WFH and the ingredients of trust

Financial services are built on trust. Trust is a crucial ingredient in the relationship between a firm and its customers or clients; and there must also be trust among colleagues within the firm, and between the firm and its employees – reflected in the culture of the organisation.

Digitisation and WFH are changing the features of the working environment, and, with it, the nature of trust. We might call this a shift to Trust 2.0.

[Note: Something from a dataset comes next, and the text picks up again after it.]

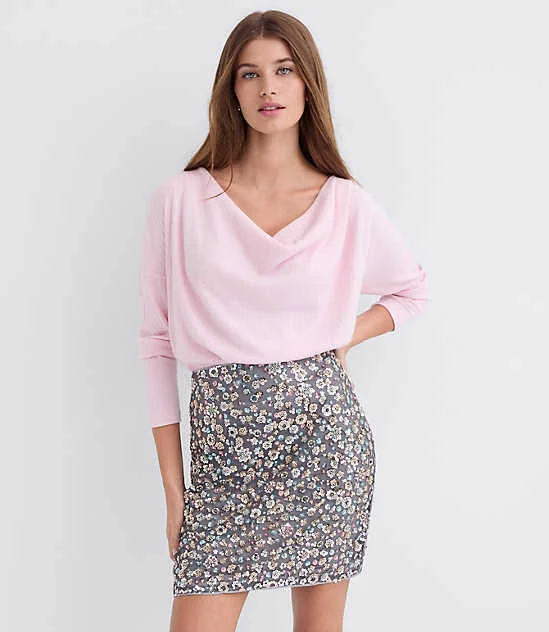 top Loft Women's Cozy Ribbed Cowl Neck Top LOFT $17.44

Video conferencing and in-person interaction

One of the stand-out features of the COVID-19 lockdown has been video conferencing. Many people have embraced video conferencing platforms enthusiastically, to stay connected with colleagues, clients and other stakeholders, in an attempt to operate business as usual. In their selection of the top three tools provided by employers to FS employees during lockdown, many respondents to our survey indicated that they use online chat tools (66 per cent) and collaboration tools such as file-sharing (56 per cent). Digital tools are also being used by clients: for example, in investment management, clients have conducted due diligence meetings on managers by video conferencing, a process that would typically involve several in-person meetings.

Although video conferencing and online chats have obvious benefits in a WFH environment, many individuals think that in-person meetings are more effective. Among responses to our survey, comments included: “meetings and workshops are often more productive face-to-face” and “collaboration tools [are] not as effective as in-person design meetings.” Another respondent attributed loss of productivity when working from home to “less easy input from colleagues”.

The results from our survey provide evidence of the value that employees see in office working and the in-person interaction that comes with it.

Figure 1. Most valued aspects of working in the office  

The top three answers all relate to the value of face-to-face communications. This is likely to be partly because it more productive and effective in stimulating ideas. But another reason is that in-person communication can build and reinforce a sense of trust between colleagues, and between employees and clients.

In-person interaction and trust

We take the view that for many FS employees, the value of office working, and the ability to meet with other people, relates primarily to building trusted relationships. Few people would dispute the view that it is more difficult to build trust when there is no in-person interaction. Body language, rather than spoken words, is arguably the most powerful way in which individuals communicate on issues where they want the other person to trust what they are saying. Even with video conferencing, where individuals can see each other, body language is much more difficult to communicate and read than when people are talking to each other in the same room. So when people are working from home, and communicate at a distance, building trust may take more time and be more difficult.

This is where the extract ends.